Sıcaklar bastırınca orman yangınları da arttı. Doğal nedenle çıkanları da eklersek çok sayıda ağacın ve dolayısıyla orman alanının zarar gördüğü ortaya çıkıyor.
Gazeteler 10 dönümlük alanda çıkan orman yangınını bile önemseyerek büyük başlıklarla duyuruyorlar.
Çevre ile Orman ve Su İşleri bakanlıkları da orman ağaçlarının yangınla yok olmasını önlemeye çalışıyor.
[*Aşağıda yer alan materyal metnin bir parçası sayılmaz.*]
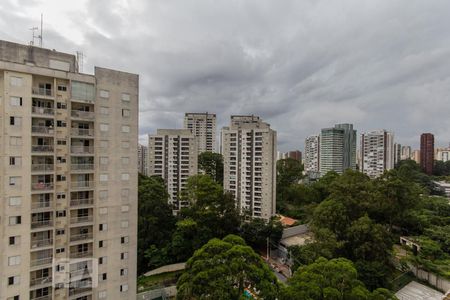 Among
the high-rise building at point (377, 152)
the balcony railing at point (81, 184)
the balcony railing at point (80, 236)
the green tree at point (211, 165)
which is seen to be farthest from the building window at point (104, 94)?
the high-rise building at point (377, 152)

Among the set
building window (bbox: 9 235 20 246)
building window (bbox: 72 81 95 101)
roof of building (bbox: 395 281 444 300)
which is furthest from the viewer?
roof of building (bbox: 395 281 444 300)

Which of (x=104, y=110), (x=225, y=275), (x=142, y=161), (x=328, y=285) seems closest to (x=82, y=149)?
(x=104, y=110)

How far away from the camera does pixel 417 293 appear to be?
2186 cm

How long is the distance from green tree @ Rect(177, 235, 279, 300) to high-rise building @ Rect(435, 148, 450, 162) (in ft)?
409

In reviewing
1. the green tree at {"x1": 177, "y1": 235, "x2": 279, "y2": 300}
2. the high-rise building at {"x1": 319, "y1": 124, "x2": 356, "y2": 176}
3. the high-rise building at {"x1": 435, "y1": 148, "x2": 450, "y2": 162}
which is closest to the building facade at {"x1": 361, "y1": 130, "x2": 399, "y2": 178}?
the high-rise building at {"x1": 319, "y1": 124, "x2": 356, "y2": 176}

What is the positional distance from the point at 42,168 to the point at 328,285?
1954 cm

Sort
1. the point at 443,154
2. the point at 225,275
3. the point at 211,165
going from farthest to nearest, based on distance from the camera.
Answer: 1. the point at 443,154
2. the point at 211,165
3. the point at 225,275

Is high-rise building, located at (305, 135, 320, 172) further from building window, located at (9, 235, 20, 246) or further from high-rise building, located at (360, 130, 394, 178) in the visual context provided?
building window, located at (9, 235, 20, 246)

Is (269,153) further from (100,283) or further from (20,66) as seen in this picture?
(20,66)

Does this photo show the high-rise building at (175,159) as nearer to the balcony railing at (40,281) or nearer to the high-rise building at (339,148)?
the balcony railing at (40,281)

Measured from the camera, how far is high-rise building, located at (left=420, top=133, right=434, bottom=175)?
82662 millimetres

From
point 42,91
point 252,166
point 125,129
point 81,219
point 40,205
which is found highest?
point 42,91

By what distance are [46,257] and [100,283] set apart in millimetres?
4118

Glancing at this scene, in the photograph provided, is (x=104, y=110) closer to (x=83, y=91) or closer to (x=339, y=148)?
(x=83, y=91) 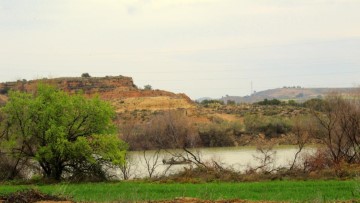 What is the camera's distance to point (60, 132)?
110ft

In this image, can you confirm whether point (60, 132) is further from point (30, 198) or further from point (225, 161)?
point (30, 198)

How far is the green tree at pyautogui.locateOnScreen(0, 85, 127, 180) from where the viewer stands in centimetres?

Ama sıra yerleşime açılan ya da üçüncü köprü yüzünden yok edilmeye başlanan milyonlarca ağaca gelince gazetelerde çıt çıkmıyor, bakanlık da yapılanları anlam saptırarak örtmeye çalışıyor.
Doğrusu şöyle anlamlı bir kamu spotunu da ilgili bakanlıktan bekliyorum.